CAR-T immunotherapy uses the patients' immune system to target and kill tumors. The therapy requires a marker to target the cancer. For colorectal cancer that target, or tumor antigen, is called GUCY2C. The antigen was identified as a potential biomarker and therapeutic target in colorectal cancer by Scott Waldman, MD, PhD, Chair of the Department of Pharmacology & Experimental Therapeutics at Jefferson, and a leader of the SKCC’s Gastrointestinal Cancer program.

Dr. Snook created a CAR-T therapy made specifically to treat GUCY2C-expressing cancers such as colorectal cancer. In this study, the researchers tested a human-ready version of the therapy in mice.
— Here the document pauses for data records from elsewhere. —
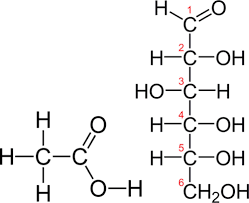 Fe is the elemental form of iron. Chemical Formulas Ck 12 Foundation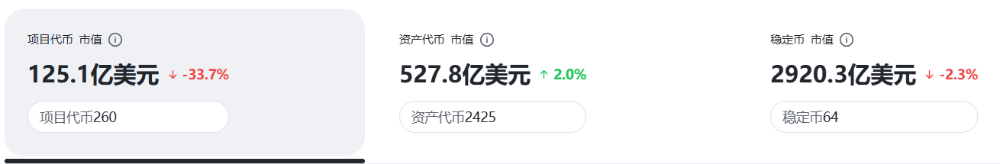 境内资产境外ABS代币化监管落地：从“一刀切”到“疏堵结合” RWA赛道迎来合规化时代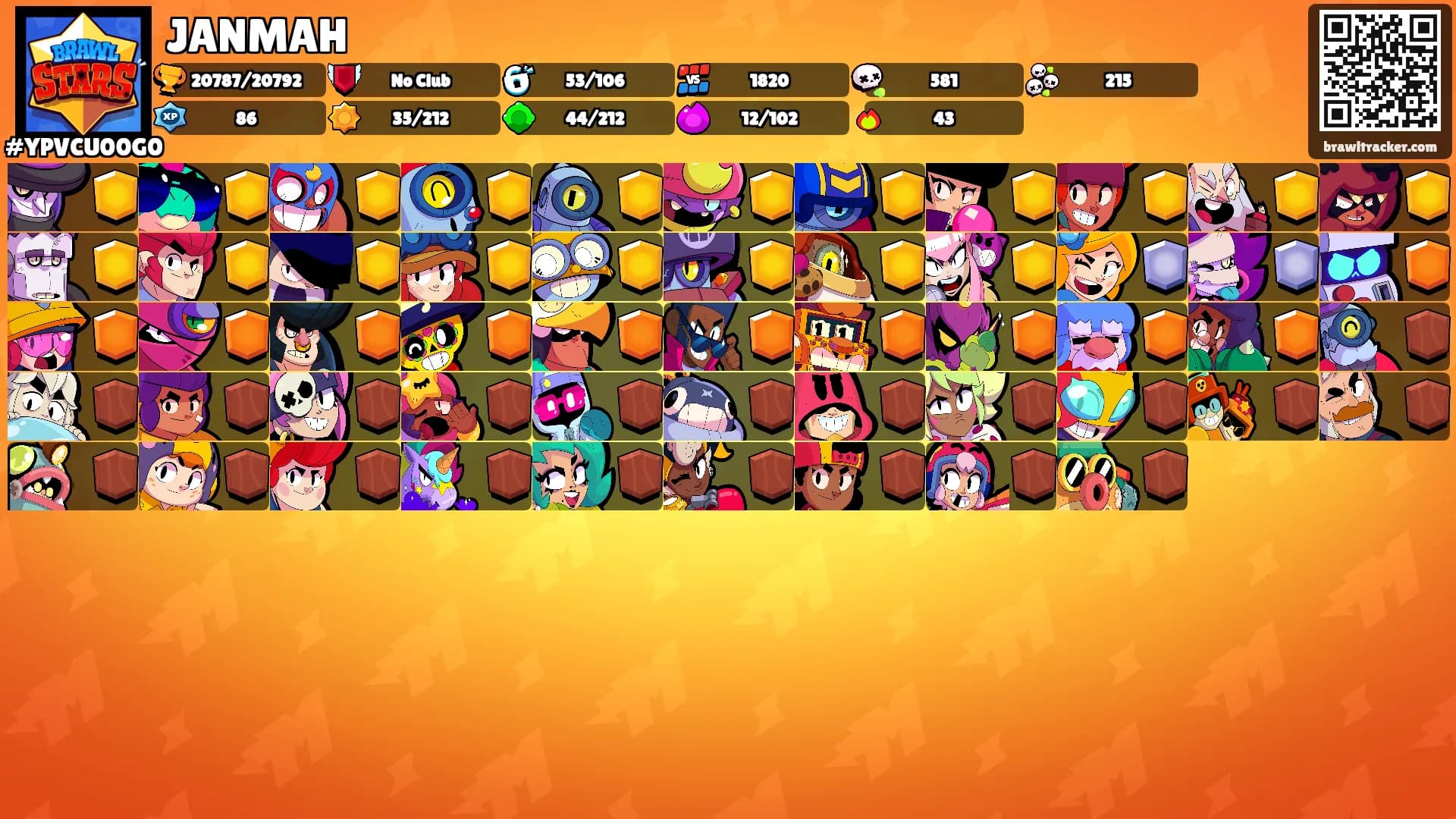 JANMAH's Ranks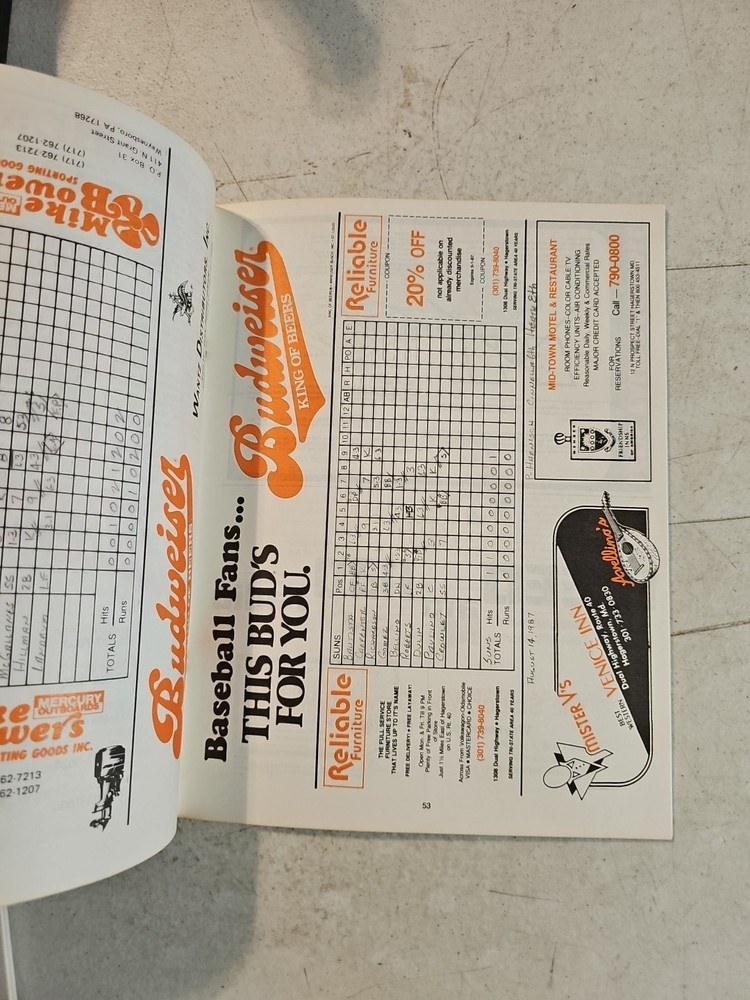 1987 Hagerstown Suns Souvenier Program. Baltimore Orioles Farm System
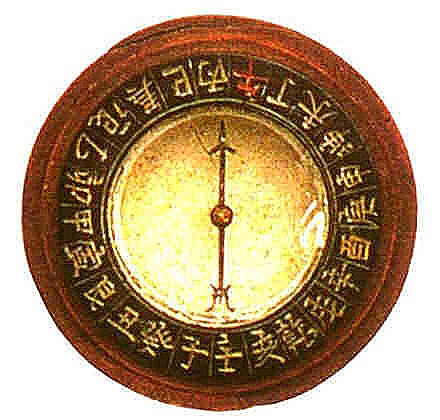 Technology: Magnetic Compass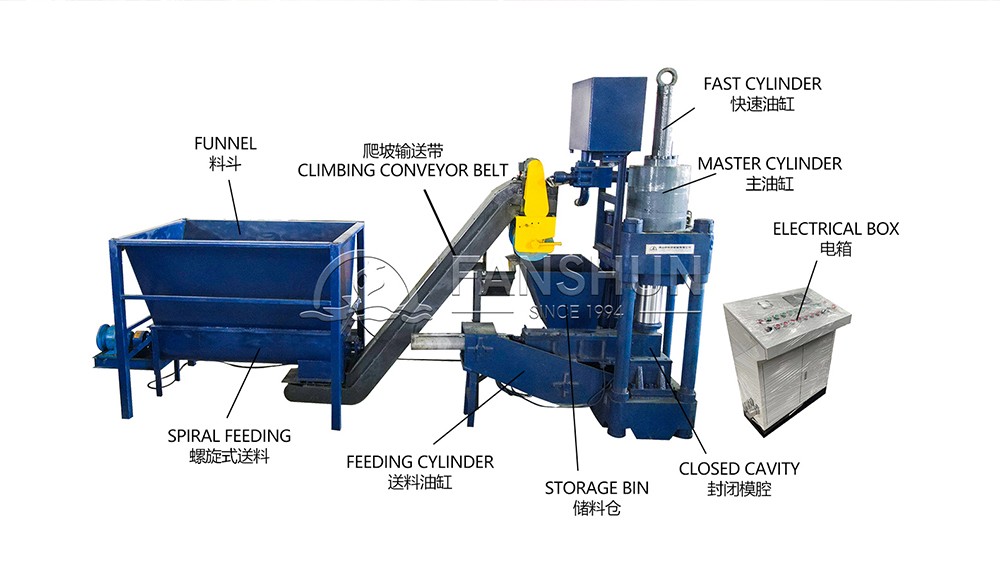 briquette press
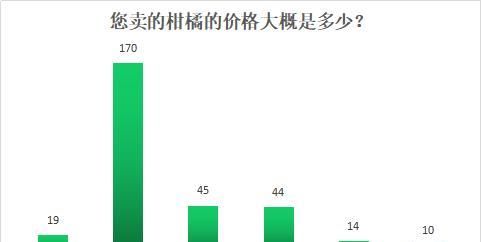  品种创新@“2020年，49%的柑橘还没有卖，46%的人很迷茫”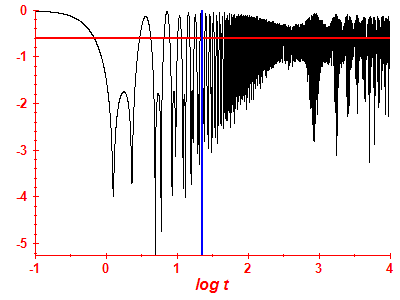 Survival probability log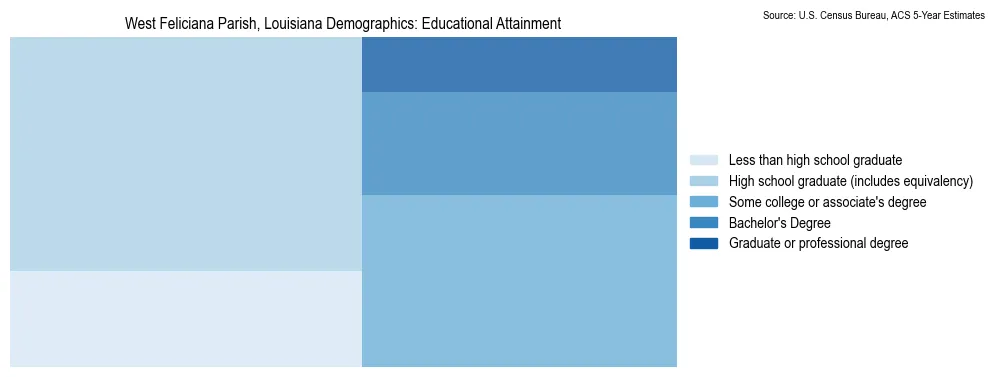 Educational attainment levels of the population in West Feliciana Parish, Louisiana based on 2023 American Community Survey (ACS) data
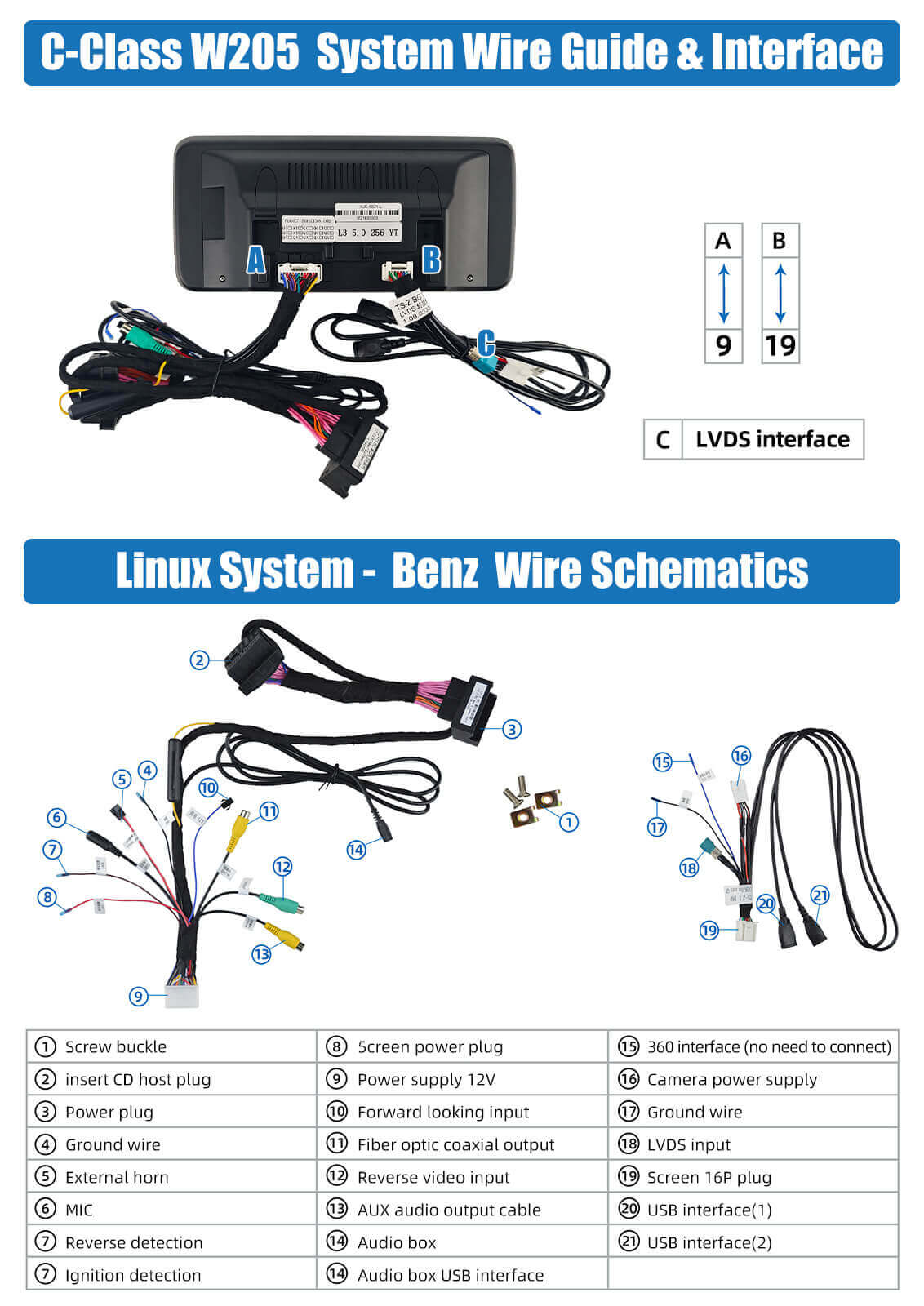 ESSGOO Car Stereo LZ0001 Autoradio C-Klasse W205 10,25 Zoll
They showed that mice with human colorectal tumors treated with CAR-T therapy successfully fought the tumor cells. All of the mice studied survived without side effects for the duration of the observation period – or 75 days, compared to a 30-day average survival of mice with control treatment.

In order to more closely replicate late-stage disease in humans, Dr. Snook and colleagues also looked at a mouse model of colorectal cancer that developed lung metastases, a common site for metastasis in colorectal cancer patients. Mice that were treated with the CAR-T therapy survived over 100 days with no metastases, whereas the control group survived an average of 20 days.  Although the current experiments were not designed to test for autoimmunity-related side effects, earlier work by Dr. Snook and colleagues demonstrated no off-target effects. In that study, the researchers used a mouse-version of the CAR-T therapy that had the potential to react to off-target mouse organs, but saw no adverse effects.

“Safety is a major concern for the CAR-T therapy approach. In other cancers, the field has observed lethal autoimmune responses,” said Dr. Snook. “Other researchers are developing fast-acting antidotes to CAR-T therapy to quell these safety concerns, but our data suggests that GUCY2C CAR-T therapy may be very effective and safe in cancer patients.”

The next steps for the researchers would be a phase 1 clinical trial in humans.